** Opening Provided records block **

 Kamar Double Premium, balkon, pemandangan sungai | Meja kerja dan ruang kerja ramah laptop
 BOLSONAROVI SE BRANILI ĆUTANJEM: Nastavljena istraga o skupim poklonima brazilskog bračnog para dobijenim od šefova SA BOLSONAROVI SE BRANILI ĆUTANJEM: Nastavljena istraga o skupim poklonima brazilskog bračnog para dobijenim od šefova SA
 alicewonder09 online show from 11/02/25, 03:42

** Closing Provided records block **
** Opening Provided records block **

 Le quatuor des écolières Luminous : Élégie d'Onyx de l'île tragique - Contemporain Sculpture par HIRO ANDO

** Closing Provided records block **
** Opening Provided records block **

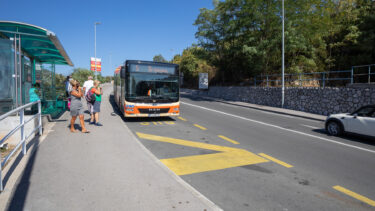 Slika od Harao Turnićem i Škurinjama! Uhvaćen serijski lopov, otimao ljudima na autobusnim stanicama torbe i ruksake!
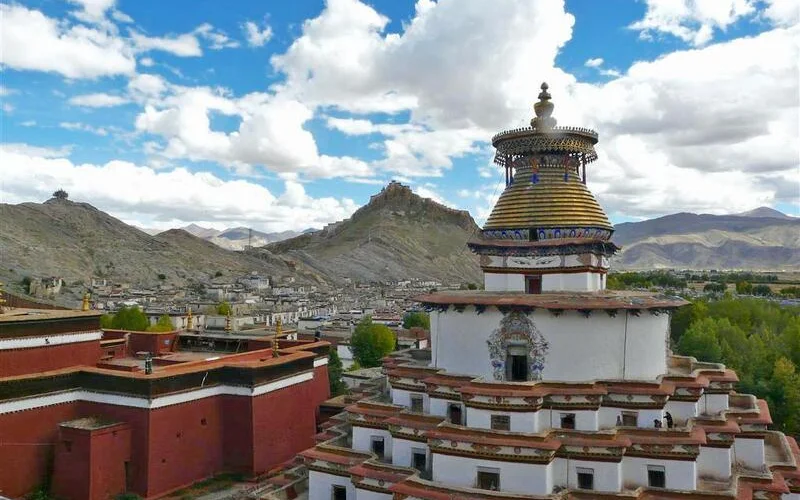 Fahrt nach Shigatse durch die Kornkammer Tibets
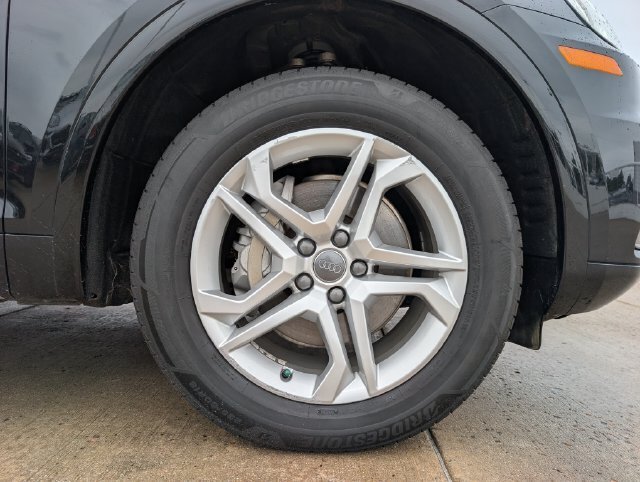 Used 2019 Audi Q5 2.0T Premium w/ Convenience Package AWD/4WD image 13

** Closing Provided records block **

Please, from the entries above, set down exactly the lines from the one containing "Kamar Double Premium, balkon, pemandangan" through the one containing "alicewonder09 online show", and only those.

--- Expected answer ---
 Kamar Double Premium, balkon, pemandangan sungai | Meja kerja dan ruang kerja ramah laptop
 BOLSONAROVI SE BRANILI ĆUTANJEM: Nastavljena istraga o skupim poklonima brazilskog bračnog para dobijenim od šefova SA BOLSONAROVI SE BRANILI ĆUTANJEM: Nastavljena istraga o skupim poklonima brazilskog bračnog para dobijenim od šefova SA
 alicewonder09 online show from 11/02/25, 03:42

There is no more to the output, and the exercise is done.